Financial services, entertainment, and markets achieved healthy transaction numbers and moderate median financing sizes (ranging from $6 million to $18 million), indicating stable and cautious investor attention. However, their transaction volumes are far from the levels seen in 2021-2022. Investors have not lost interest in consumer applications; they are just waiting for new products to emerge.
Q2 2025 Token Financing: Private and Public.
After a booming first quarter, token financing entered a calmer phase in the second quarter, but this shift seems more like a redistribution rather than a retreat.
Private token sales raised $410 million through just 15 transactions, with a median financing size of $29.3 million, the highest level since 2021. The growth of this high-value private allocation highlights the current financing environment in Web3: consistency and strategic partnerships are more important than hype. These are not meme coins driven by speculation or utility tokens disguised as agreements, but rather validator alliances, L2 treasuries, and modular rollup ecosystems quietly solidifying liquidity.
In contrast, public token sales have collapsed. Only 35 financings were completed, down from 112 in the first quarter, totaling just $134 million, with the median financing size halved. Even offerings popular with retail investors struggle to attract attention, with most trading volume concentrated in a few high-profile projects. Beyond that, market sentiment feels more like a wait-and-see stance rather than bearish, indicating a posture of waiting and observing rather than a full retreat.

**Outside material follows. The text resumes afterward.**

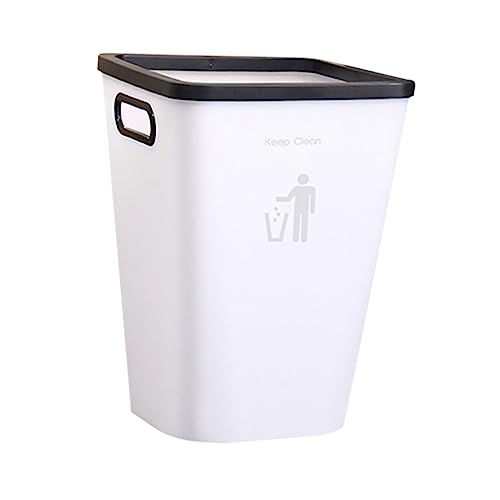 MAGICLULU Small Kitchen Trash Can Collapsible Office Garbage Bin White Plastic for Bedrooms and Bathrooms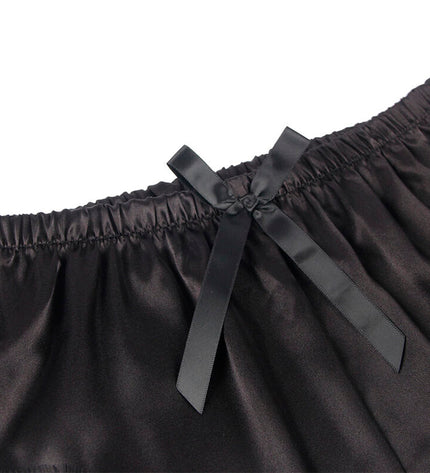 SUBBLIME - 953935 CHEMISE DE NUIT DÉCONTRACTÉE EN SOIE + PANTALON EN DENTELLE NOIR S/M by SUBBLIME SETS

The divide between private and public sales continues the trend tracked since the end of 2023. Public token offerings surged when the market was hot, but private rounds reflect consistency rather than hype.
Summary
Investors are looking for clearer narratives, more solid infrastructure, and builders who know how to navigate this new financing environment.
If 2024 is a year of recovery and restructuring, then Q2 2025 feels like a year of silent execution.
Capital is flowing, but only to a few. Transaction flows are decreasing, but financing sizes are increasing. Infrastructure continues to win, not out of bias, but without any significant ideological shifts.
The road for founders has narrowed, but it is not unmanageable; early transactions are still occurring, and Series A financing has returned. As long as they align with strategic, scalable, and protocol-dependent goals, private tokens have regained a genuine seat at the negotiating table.
In short: we have exited the hype cycle of the entire market. This is a slow, pressurized climb, targeting those important infrastructures and enduring applications.
The conclusion is simple: this market does not need more hype cycles; it needs inevitability.